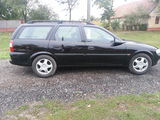 Opel vectra B    IMPECABIL, photo 5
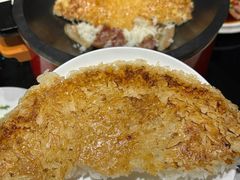 -好兄弟郭巨海鲜(天一阁店)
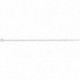 BRACELET ARGENT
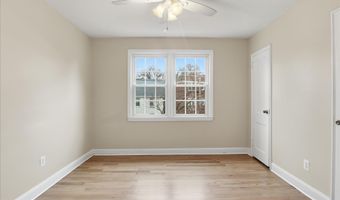 1317 S WALTER REED Dr 17201, Arlington, VA 22204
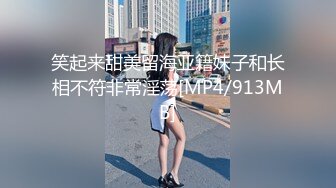 新人美女教练第二课瑜伽练习生 奶子不大不小刚好 纤细大长腿 一字马骚舞~扒穴~瑜伽锻炼！ (2)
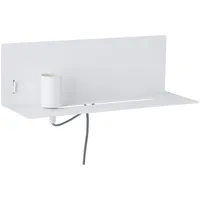 Paulmann Devara (78915)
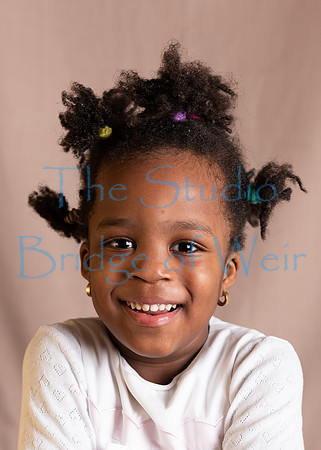 Adeola-034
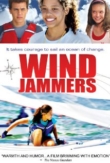 Wind Jammers | ShotOnWhat?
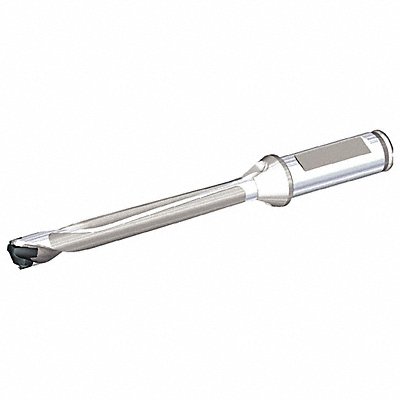WIDIA TDM160R8SCF20M Modular Drill 136.00mm Drill Depth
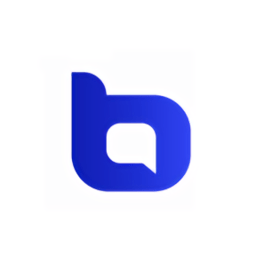 数字钱包logo_数字钱包诈骗是不是难破案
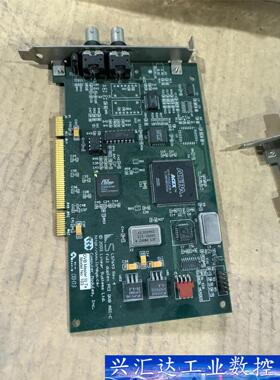 DVB MASTER LS7643 REV 4 DVBMAS 议价商品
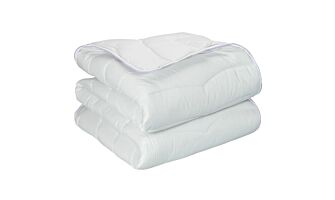 Олекотена завивка DORMEO Лавандула 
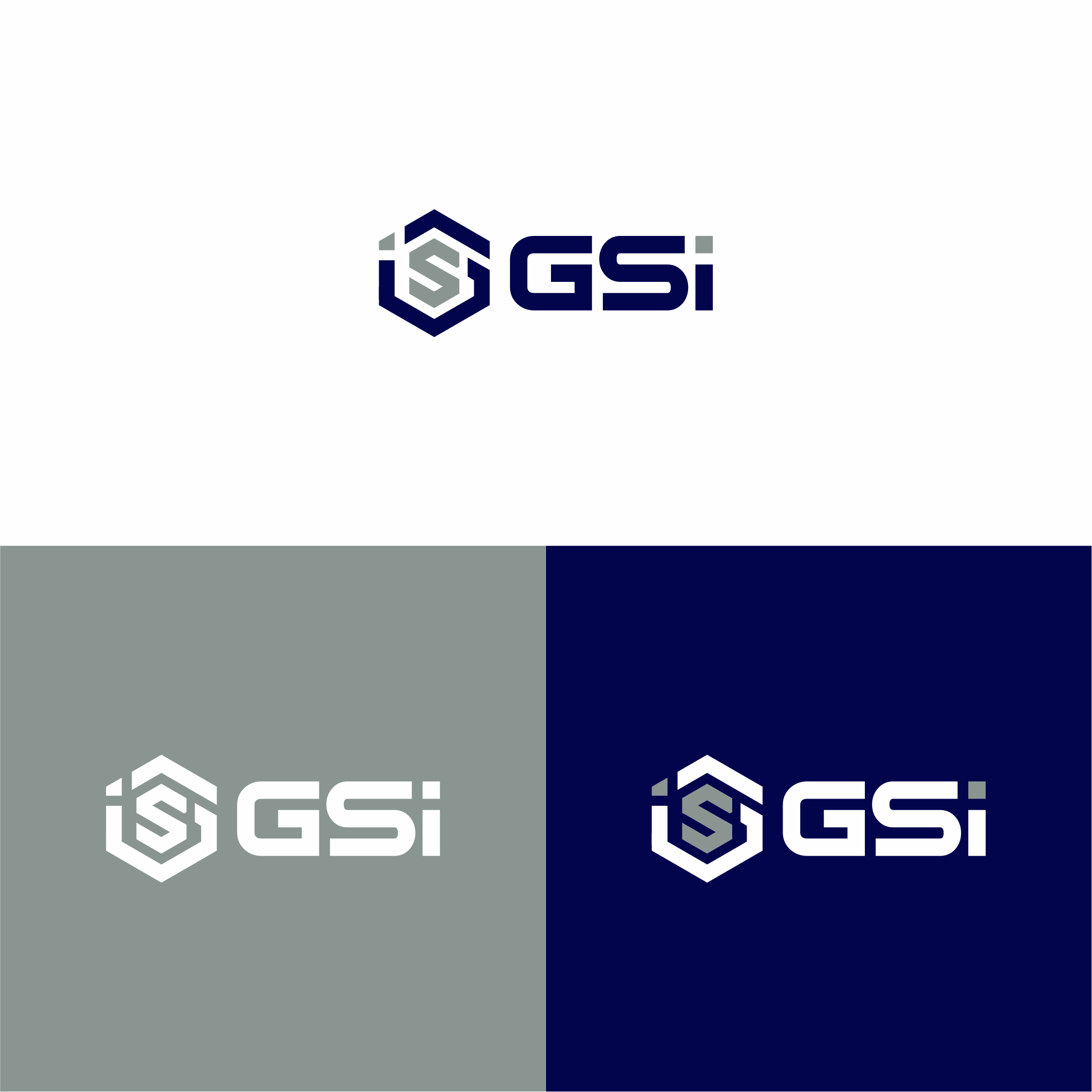 Diseño de Logo por melzh para este proyecto | Diseño #29102641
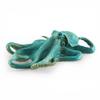 Marine Animal Model Figurines Toys Simulation Octopus Squid Action Figure Cognitive Toys For Children Gifts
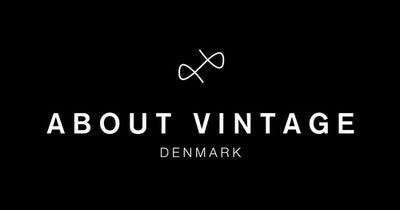 About Vintage
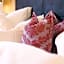 Hotel Sedona Lodge B&B inkl Super Sommer Card Seilbahnticket
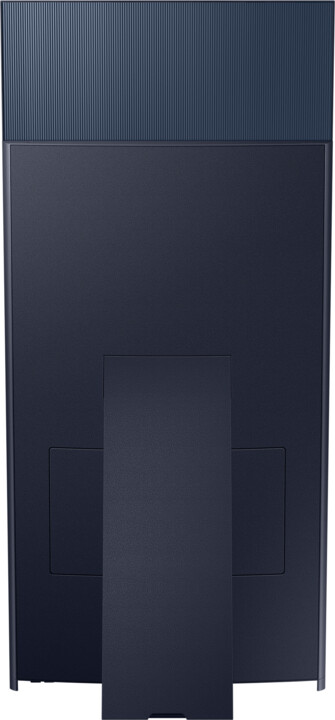 Televizor Samsung The Sero QE43LS05BG, 43" (109cm), 4K UHD, i kaltër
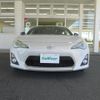 toyota 86 2012 -TOYOTA--86 DBA-ZN6--ZN6-022918---TOYOTA--86 DBA-ZN6--ZN6-022918- image 6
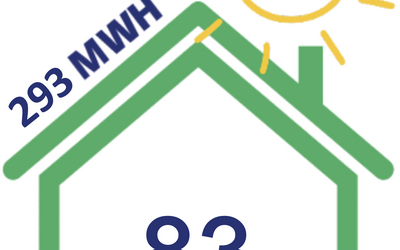 schermafbeelding-2026-03-29-om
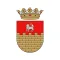 APP Sant Joan de Moró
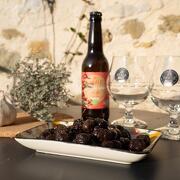 © La Barule - La Bâtisse - <em>Didier Nury - www.didiernury.com</em>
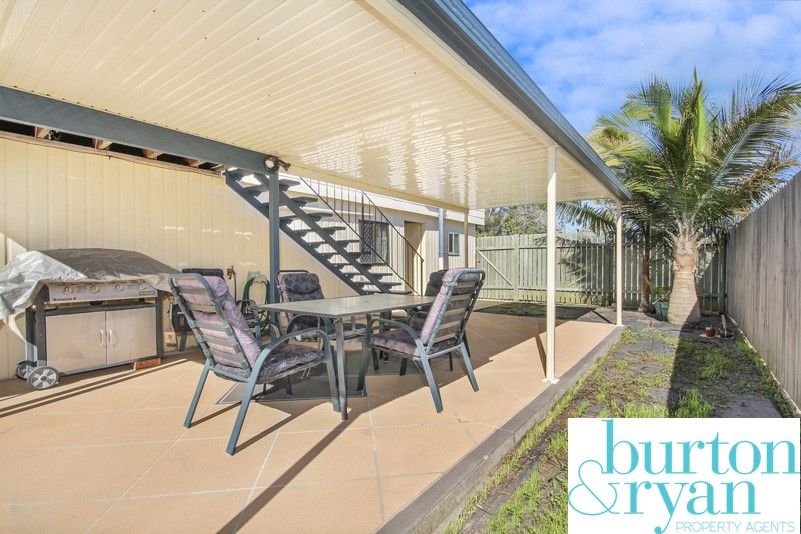 30 Isis Road, Lawnton QLD 4501, Image 1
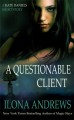 A Questionable Client - Ilona Andrews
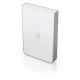 Access Point UBIQUITI 4800 Mbit/s U6-IW – 3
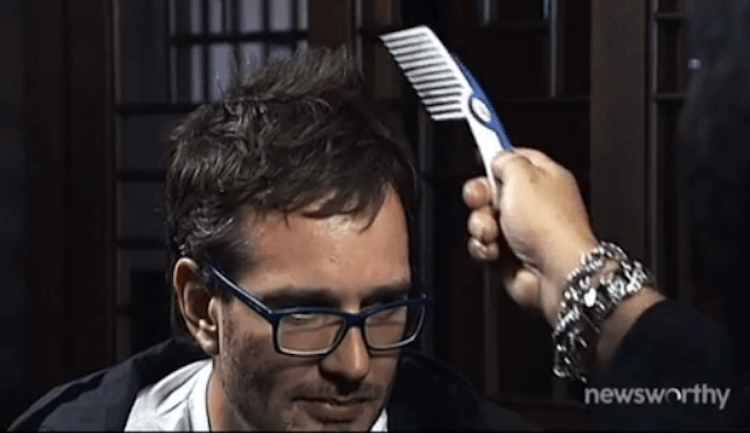 Screen shot 2015-10-17 at 7.21.13 PM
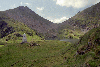 Cab Sambata, Ref. Caltun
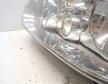 VW Golf IV bal els� f�nysz�r� (1J1941015C)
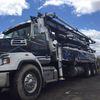 Manotick Concrete
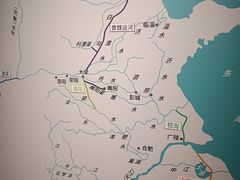 -中国京杭大运河博物馆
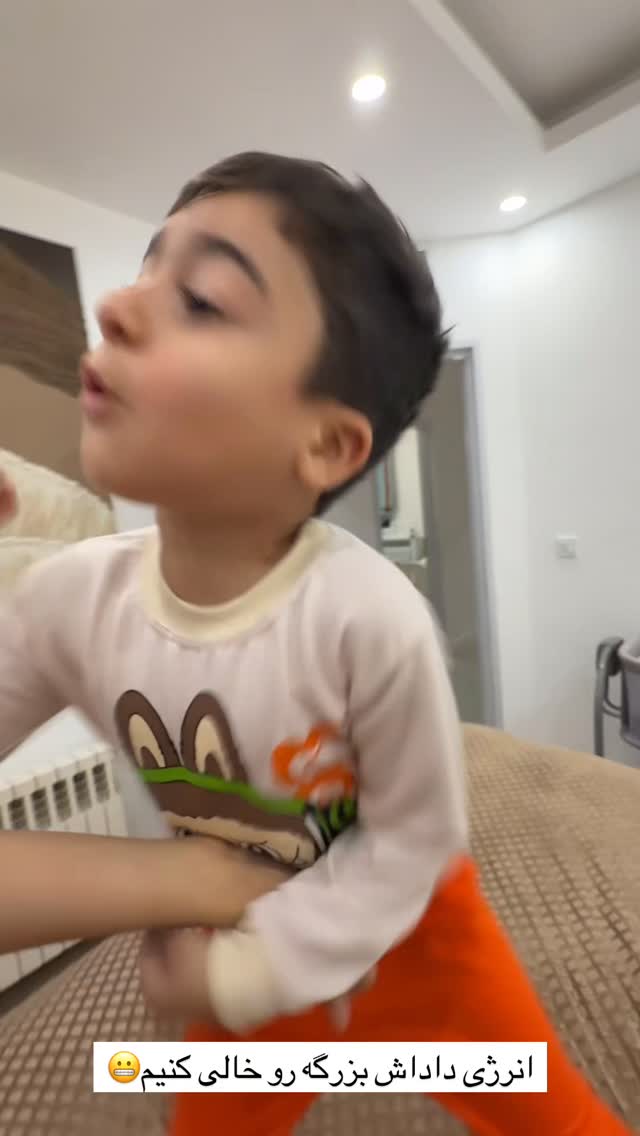  جدید ترین استوری اینستاگرام زهرا سادات یحیی زاده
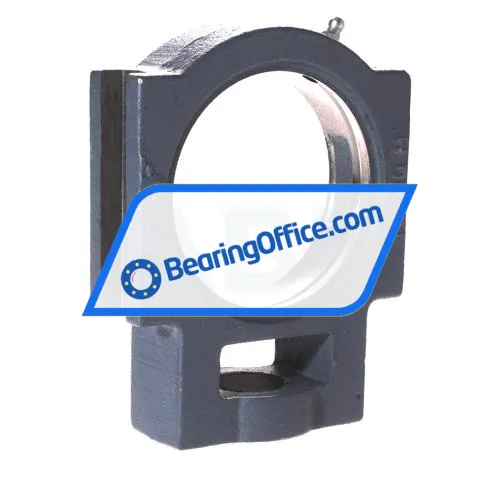SKF TU510M bearing image 3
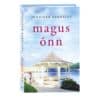 Magus õnn - Jennifer Bardsley - 2023 - 9789949870905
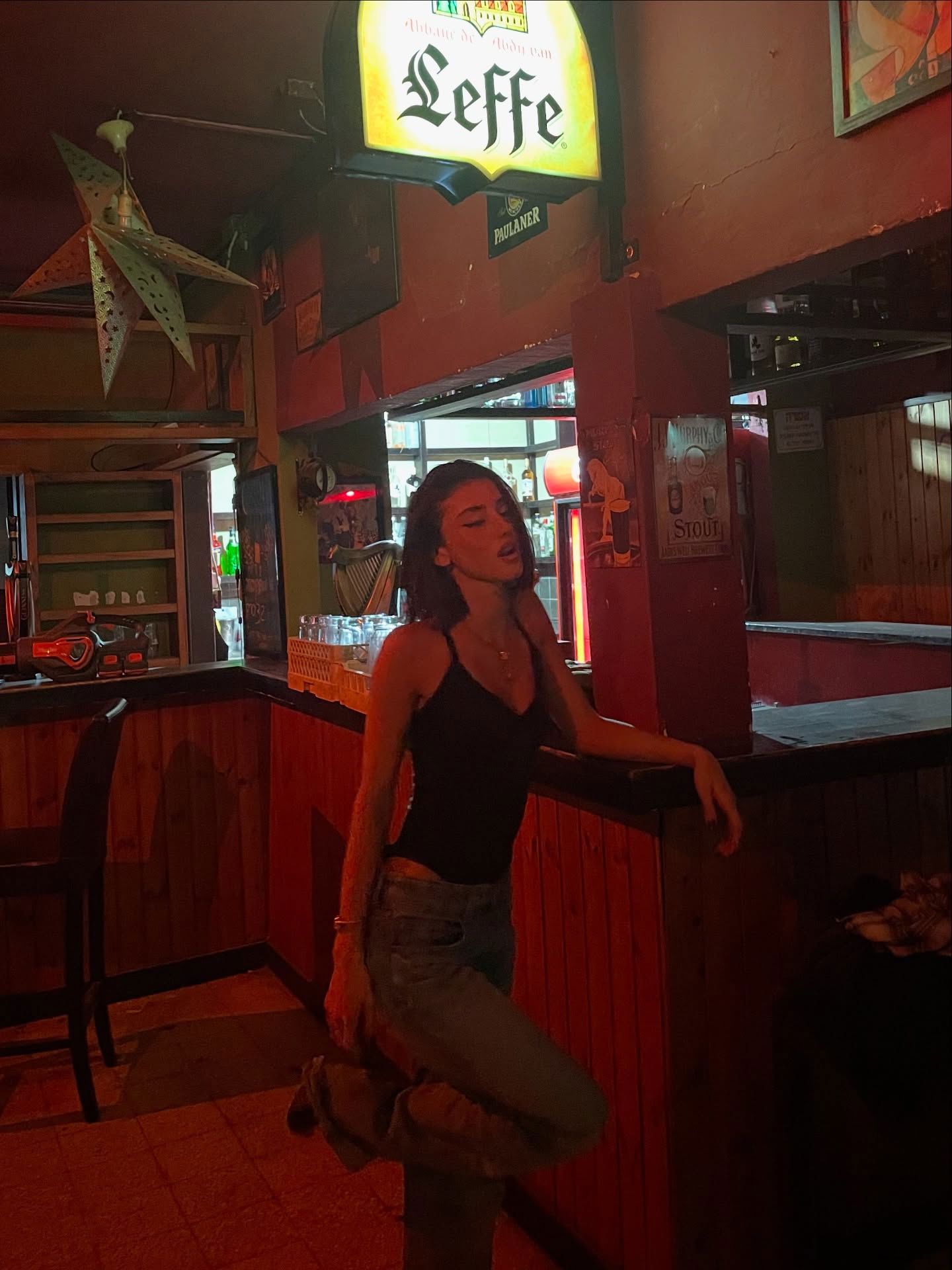 efrat_elmalich instagram image archive image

▶ Task directions
Your copy should consist only of the lines from the one containing "About Vintage" through the last line of the entries above, reproduced exactly, without pictures.

▶ Result below
 About Vintage
 Hotel Sedona Lodge B&B inkl Super Sommer Card Seilbahnticket
 Televizor Samsung The Sero QE43LS05BG, 43" (109cm), 4K UHD, i kaltër
 toyota 86 2012 -TOYOTA--86 DBA-ZN6--ZN6-022918---TOYOTA--86 DBA-ZN6--ZN6-022918- image 6
 schermafbeelding-2026-03-29-om
 APP Sant Joan de Moró
 © La Barule - La Bâtisse - <em>Didier Nury - www.didiernury.com</em>
 30 Isis Road, Lawnton QLD 4501, Image 1
 A Questionable Client - Ilona Andrews
 Access Point UBIQUITI 4800 Mbit/s U6-IW – 3
 Screen shot 2015-10-17 at 7.21.13 PM
 Cab Sambata, Ref. Caltun
 VW Golf IV bal els� f�nysz�r� (1J1941015C)
 Manotick Concrete
 -中国京杭大运河博物馆
  جدید ترین استوری اینستاگرام زهرا سادات یحیی زاده
SKF TU510M bearing image 3
 Magus õnn - Jennifer Bardsley - 2023 - 9789949870905
 efrat_elmalich instagram image archive image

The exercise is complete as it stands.